Savills’ management team led by Jeremy Helsby, said the company had broken through the £1bn group revenue target for the first time in its history in the 2014 results after the housing and office market boomed in the UK and investors snapped up cheap deals in recovering European markets, such as Ireland, Spain and the Netherlands – despite continued economic instability in the eurozone.
However, Mr Helsby admitted that the first half of 2015 would be far quieter in the British residential sector as buyers and sellers wait for the outcome of the general election.
It’s not about who wins, but the uncertainty, he said.
The London-listed company burst on to the commercial property scene in the US last year following its acquisition of American management firm, Studley, helping to drive pre-tax profits for the year to the 31 December to £104.3m, 34pc up on the previous 12 months.
“The US business is our most exciting opportunity for growth,” said Mr Helsby.
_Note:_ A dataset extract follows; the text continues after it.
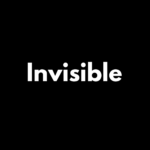 Invisible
The US branch is based in five key centres, New York, Washington, Chicago, Houston and LA but Mr Helsby said he has an eye on Boston, Denver and Dallas.
The firm also reaped the rewards of a surge in residential property sales across many parts of the UK in 2014 following the easing of the availability of credit in the latter stages of 2013 and the Government’s Help to Buy scheme which boosted interest from first-time buyers, stoking sentiment in the market.
Overseas and domestic demand to live in London and the South East generated capital flows across the south of England as the recovery kick-started in the Midlands and the North.
The company also confirmed today that it is taking over German investment management firm SEB Asset Management for €21.5m (£15.6m).
It will be combined with Cordea Savills, its existing investment management operations, to create Savills Investment Management. SEB is based in Frankfurt and Singapore, and has around €10bn (£7.2bn) worth of real estate assets globally.
Last year SEB’s pre-tax profit hit €8.1m (£5.8m), and Savills believes the enlarged group will enable it to broaden its offering to both international and domestic real estate investors.